The humble kamote, or sweet potato, has vast potential to provide farmers with better earnings if postharvest issues for the crop are properly addressed.

According to a study by the Philippine Center for Postharvest Development and Mechanization (PhilMech) published this year on kamote cultivation, the postharvest losses of the crop ranged from 31.21 percent to almost 33 percent, caused largely by the inefficiency of existing manual and labor-intensive harvesting methods.

“With this concern, the harvesting operation of sweet potato can be mechanized using an efficient mechanical root crop harvester that can eventually reduce labor requirement and losses on uncollected roots,” the PhilMech study titled “Assessment of the Postharvest Handling Systems of Fresh Sweet Potato” said.

A total of 350 farmer-respondents were covered by the study from the provinces of Albay, Bataan, Tarlac and Northern Samar.

“I would consider this study on the possible postharvest interventions needed for sweet potato as pivotal, as lessened postharvest losses for the crop will help improve the quality and quantity of kamote available for the market,” said PHilMech Executive Director Baldwin Jallorina Jr.

Kamote today is mostly harvested manually, requiring 30 to 50 laborers per hectare per day. Harvesting usually requires two days. However, the manual harvesting system results in a significant amount of the kamote getting damaged. The damaged harvests fetch lower prices in the market.

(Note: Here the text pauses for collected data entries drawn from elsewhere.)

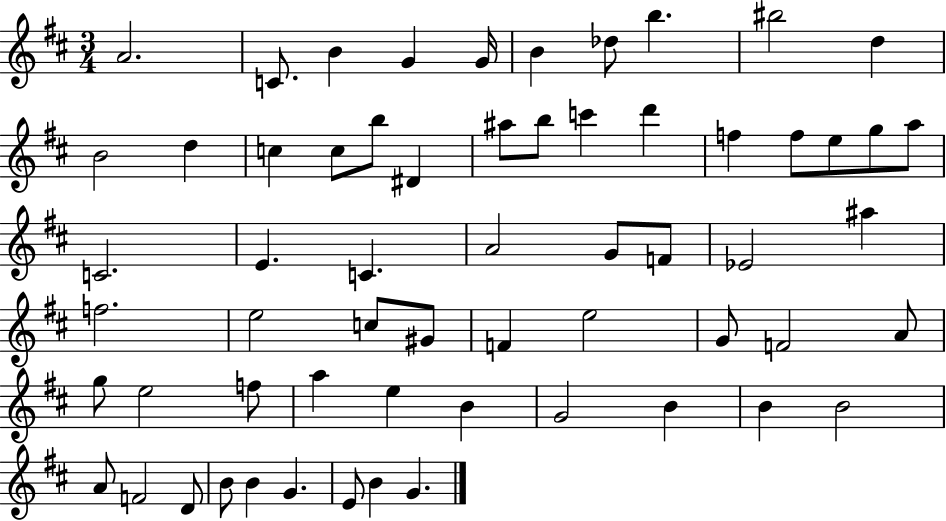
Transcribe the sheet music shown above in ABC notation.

X:1
T:Untitled
M:3/4
L:1/4
K:D
A2 C/2 B G G/4 B _d/2 b ^b2 d B2 d c c/2 b/2 ^D ^a/2 b/2 c' d' f f/2 e/2 g/2 a/2 C2 E C A2 G/2 F/2 _E2 ^a f2 e2 c/2 ^G/2 F e2 G/2 F2 A/2 g/2 e2 f/2 a e B G2 B B B2 A/2 F2 D/2 B/2 B G E/2 B G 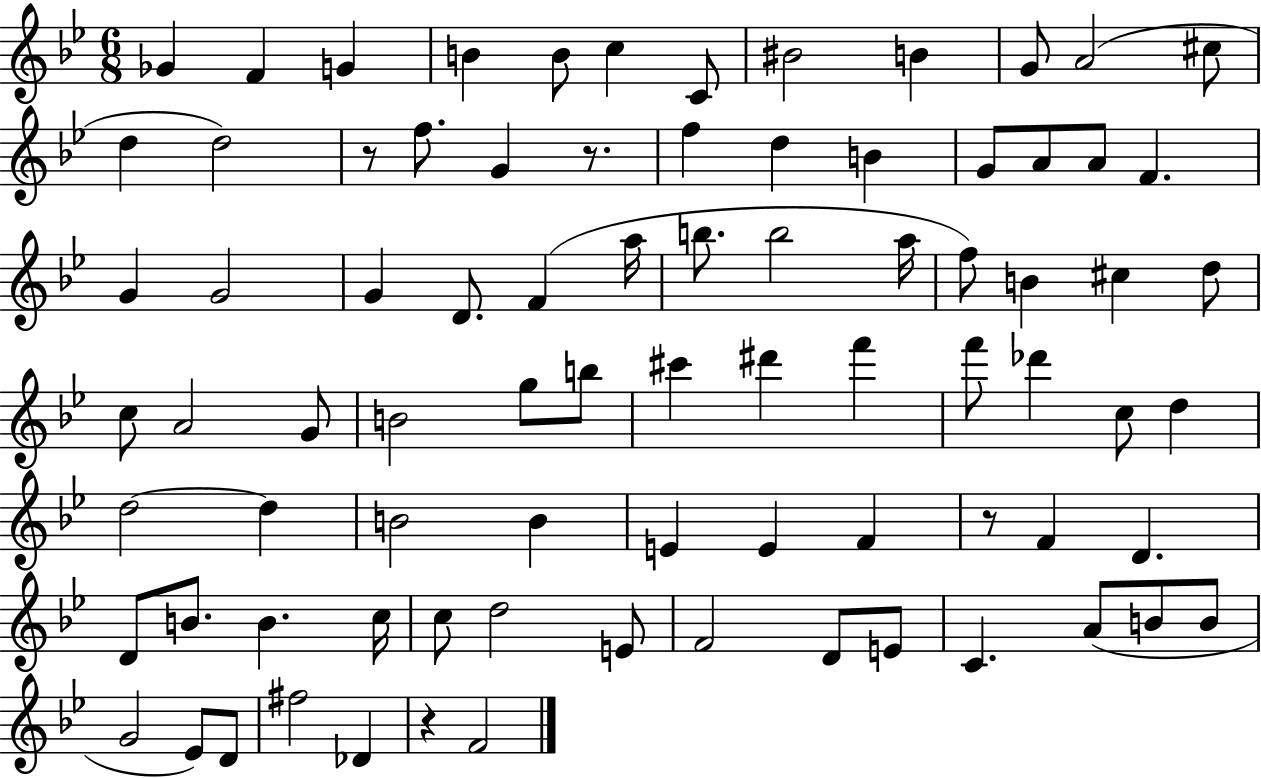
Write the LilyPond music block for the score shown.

{
  \clef treble
  \numericTimeSignature
  \time 6/8
  \key bes \major
  \repeat volta 2 { ges'4 f'4 g'4 | b'4 b'8 c''4 c'8 | bis'2 b'4 | g'8 a'2( cis''8 | \break d''4 d''2) | r8 f''8. g'4 r8. | f''4 d''4 b'4 | g'8 a'8 a'8 f'4. | \break g'4 g'2 | g'4 d'8. f'4( a''16 | b''8. b''2 a''16 | f''8) b'4 cis''4 d''8 | \break c''8 a'2 g'8 | b'2 g''8 b''8 | cis'''4 dis'''4 f'''4 | f'''8 des'''4 c''8 d''4 | \break d''2~~ d''4 | b'2 b'4 | e'4 e'4 f'4 | r8 f'4 d'4. | \break d'8 b'8. b'4. c''16 | c''8 d''2 e'8 | f'2 d'8 e'8 | c'4. a'8( b'8 b'8 | \break g'2 ees'8) d'8 | fis''2 des'4 | r4 f'2 | } \bar "|."
} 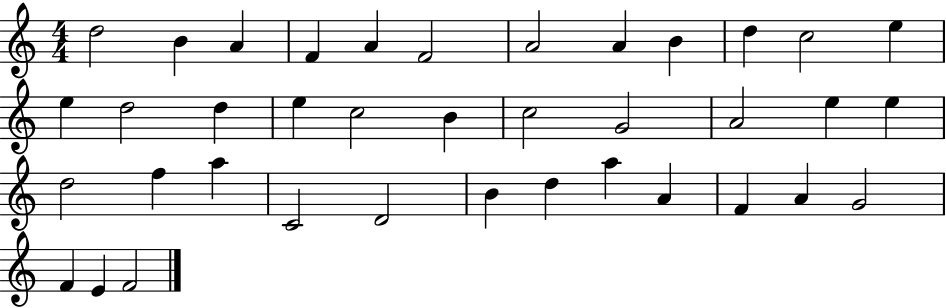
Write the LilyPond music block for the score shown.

{
  \clef treble
  \numericTimeSignature
  \time 4/4
  \key c \major
  d''2 b'4 a'4 | f'4 a'4 f'2 | a'2 a'4 b'4 | d''4 c''2 e''4 | \break e''4 d''2 d''4 | e''4 c''2 b'4 | c''2 g'2 | a'2 e''4 e''4 | \break d''2 f''4 a''4 | c'2 d'2 | b'4 d''4 a''4 a'4 | f'4 a'4 g'2 | \break f'4 e'4 f'2 | \bar "|."
} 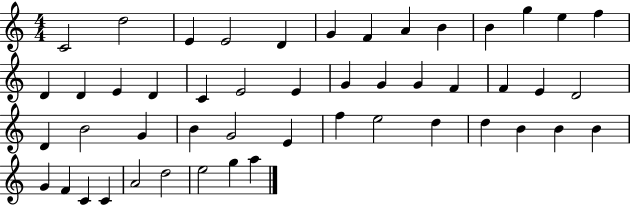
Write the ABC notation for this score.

X:1
T:Untitled
M:4/4
L:1/4
K:C
C2 d2 E E2 D G F A B B g e f D D E D C E2 E G G G F F E D2 D B2 G B G2 E f e2 d d B B B G F C C A2 d2 e2 g a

To reduce postharvest losses of kamote, the PhilMech study recommended the development of farm equipment for harvesting the crop. It noted that a tractor-drawn implement for harvesting kamote was initially developed by the Phil Root Crop of the Visayas State University in Leyte, which PHilMech has proposed to evaluate as to its status of commercialization.

There are also imported but costly mechanical harvesters that could do a single pass to clear the vines and digging out the tubers. The PHilMech study recommended the imported harvester be localized in its design, so it could be manufactured locally and its cost reduced.